La sirena del barco se oyó mucho después. El prisionero se tapó los oídos con las manos. Las lágrimas le cegaban. Habría querido romper las puertas, huir, correr, volar, pasar el mar, no ser el que se estaba quedando -¡qué río revuelto bajo el pellejo, qué comezón de cicatriz en el cuerpo!-, sino el otro, el que con sus equipajes y su nombre se alejaba en el camarote número 17 rumbo a Nueva York.
XXXIX El puerto
Todo sosegaba en el recalmón que precedió al cambio de la marea, menos los grillos húmedos de sal con pavesa de astro en los élitro,, los reflejos de los faros, imperdibles perdidos en la oscuridad, y el prisionero que iba de un lado a otro, como después de un tumulto, con el pelo despenicado sobre la frente, las ropas en desorden, sin probar asiento, ensayando gestos como los que se defienden dormidos, entre ayes y medias palabras, de la mano de Dios que se los lleva, que los arrastra porque se necesitan para las llagas, para las muertes de repente, para los crímenes en frío, para que los despierten destripados.
«¡Aquí el único consuelo es Farfán! -se repetía-. ¡Dónde no fuera el comandante! ¡Por lo menos que mi mujer sepa que me pegaron dos tiros, me enterraron y parte sin novedad!»
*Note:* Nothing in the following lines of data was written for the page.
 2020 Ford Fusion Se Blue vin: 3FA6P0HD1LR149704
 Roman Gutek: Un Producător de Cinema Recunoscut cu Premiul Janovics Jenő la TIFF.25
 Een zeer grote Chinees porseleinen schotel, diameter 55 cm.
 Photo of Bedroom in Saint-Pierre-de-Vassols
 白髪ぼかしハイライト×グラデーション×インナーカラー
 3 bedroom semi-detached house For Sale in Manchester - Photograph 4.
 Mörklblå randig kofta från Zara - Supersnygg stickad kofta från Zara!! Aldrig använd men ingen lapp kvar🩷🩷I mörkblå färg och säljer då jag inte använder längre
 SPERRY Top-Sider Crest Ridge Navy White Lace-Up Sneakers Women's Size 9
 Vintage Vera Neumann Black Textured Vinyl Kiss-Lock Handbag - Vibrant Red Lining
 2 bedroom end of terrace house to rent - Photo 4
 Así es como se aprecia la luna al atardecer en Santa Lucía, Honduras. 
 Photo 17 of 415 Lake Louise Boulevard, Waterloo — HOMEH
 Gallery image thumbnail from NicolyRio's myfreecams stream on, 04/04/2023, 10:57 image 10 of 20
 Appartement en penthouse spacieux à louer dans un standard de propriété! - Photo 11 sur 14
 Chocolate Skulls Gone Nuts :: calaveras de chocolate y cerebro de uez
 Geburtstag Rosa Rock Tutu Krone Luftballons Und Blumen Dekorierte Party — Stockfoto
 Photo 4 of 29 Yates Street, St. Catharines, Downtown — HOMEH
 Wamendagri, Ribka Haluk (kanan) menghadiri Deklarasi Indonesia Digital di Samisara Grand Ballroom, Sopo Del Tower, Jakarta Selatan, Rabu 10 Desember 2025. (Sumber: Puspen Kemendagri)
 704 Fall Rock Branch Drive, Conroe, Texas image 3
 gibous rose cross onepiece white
Y se oía la machacadera del piso, un como martillo de dos pies, a lo largo del vagón clavado con estacas de centinelas de vista en la vía férrea, aunque él andaba muy lejos, en el recuerdo de los pueblecitos que acababa de recorrer, en el lodo de sus tinieblas, en el polvo cegador de sus días de sol, cebado por el terror de la iglesia y el cementerio, la iglesia y el cementerio, la iglesia y el cementerio. ¡No quedaron vivos más que la fe y los muertos!